Ideally, the savings from the reduced probability of channel collision should be appropriately returned to all of the users in the network. This aspect should be carefully taken into account in the case of networks where CFX users and legacy users coexist, as incorrect resource allocation may cause unfairness between them. To ensure proper resource allocation, we optimize our CFX scheme. We formulate a sum throughput maximization problem under the constraint of minimum performance requirements for all types of users in terms of throughput and channel access delay. To solve the optimization problem effectively, we employ a deep reinforcement learning (DRL) approach in which we exploit an actor-critic-based Proximal Policy Optimization (PPO) learning algorithm to allow CFX to dynamically adjust its parameters to the varying network conditions.
To demonstrate the feasibility of the proposed scheme, we implement the key functionalities of CFX using the MATLAB deep learning framework [
20]. Extensive evaluation results verify that CFX significantly lowers the frame collision probability (by up to 15%), meaning that both the legacy users and CFX users obtained higher performance gains. For both types of users, a throughput gain of more than 15% was achieved, and the channel access delays were reduced to 40% and 20%, respectively, in a network scenario with a heavy traffic load. It is also observed that the proposed PPO-based CFX optimization adjusted the parameters according to changes in the network status.

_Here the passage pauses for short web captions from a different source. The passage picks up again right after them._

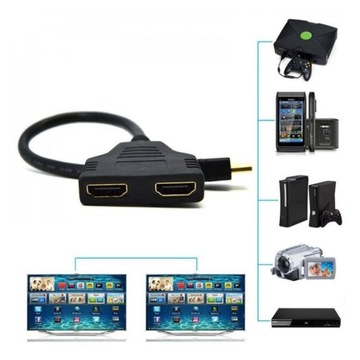 РАЗДЕЛИТЕЛЬ HDMI РАЗДЕЛИТЕЛЬ 2 ПОРТА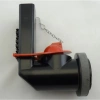 Cóc sửa rò rỉ nước bồn cầu cao cấp - Flapper liền khối có tay gạt đóng mở nhanh, giảm giá 22% 4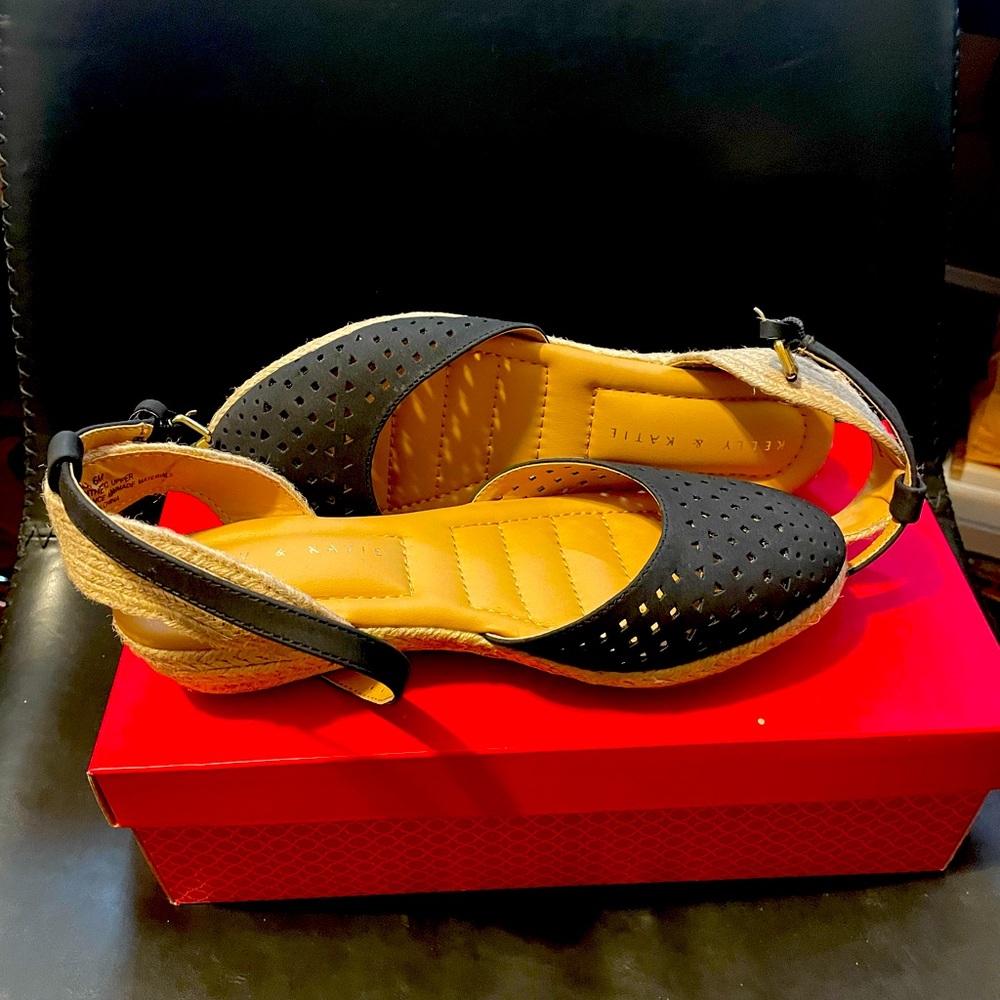 Blue Shoes by Kelly & Katie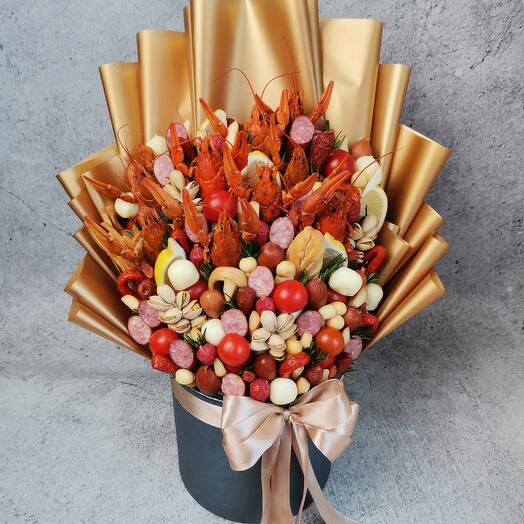 Съедобный букет "Царская трапеза"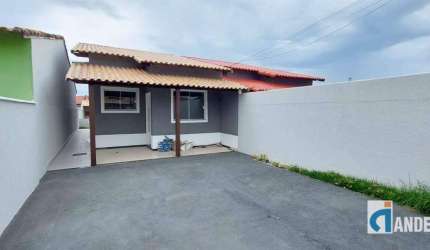 Ótima Casa c/ 2 quartos à venda, 70 m² por R$ 460.000 - Jardim Atlântico (Itaipuaçu) - Maricá/RJ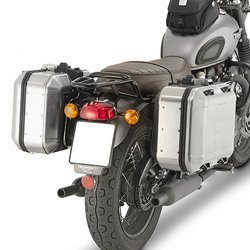 KAPPA KL6410 STELAŻ KUFRÓW BOCZNYCH MONOKEY - TRIUMPH BONNEVILLE T100 / T120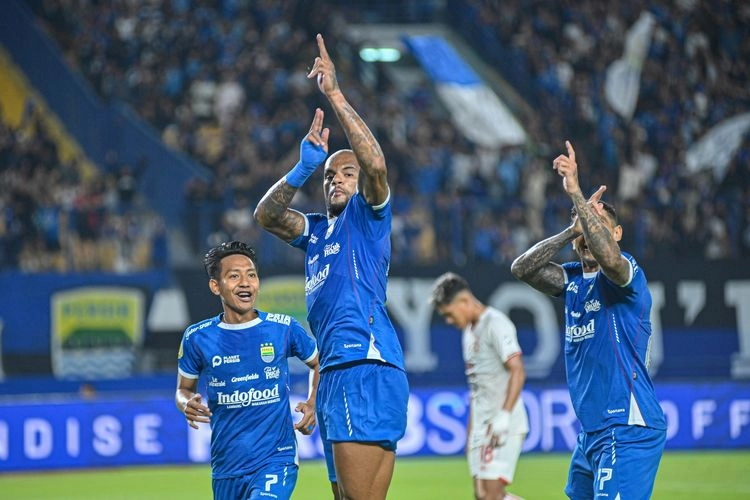 Arema FC Vs Persib Bandung, Kekalahan Bikin Maung Semakin Lapar
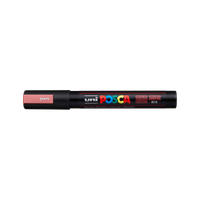 Posca marker PC-5M, 1,8 – 2,5 mm, metalik crvena (M15)
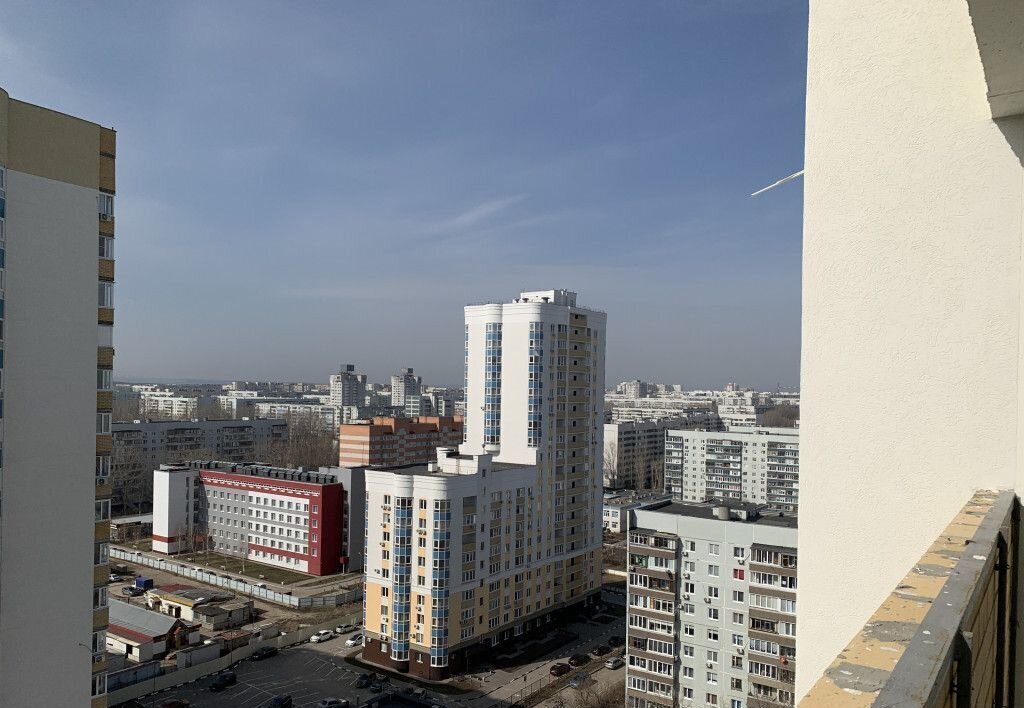 квартира г Ульяновск р-н Заволжский ул Карбышева 1в фото 19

We summarize the contributions of this paper as follows:
We propose a CF channel access scheme for 802.11ax, called CFX, that lowers the probability of frame collision by allowing users to access the channel without contention. CFX is a DCF-friendly scheme, and even if the channel is shared with legacy devices using DCF, CFX does not harm the legacy devices but instead improves their performance.
We develop a shared channel access scheme to realize CFX. This method not only allows users to access the channel more frequently but also allows the AP to track the buffer status of each user effectively.
We conduct CFX optimization. We formulate a sum throughput maximization problem under the constraints that the performance requirements for all users should be met. In particular, we adopt an actor-critic-based PPO to solve the optimization problem effectively.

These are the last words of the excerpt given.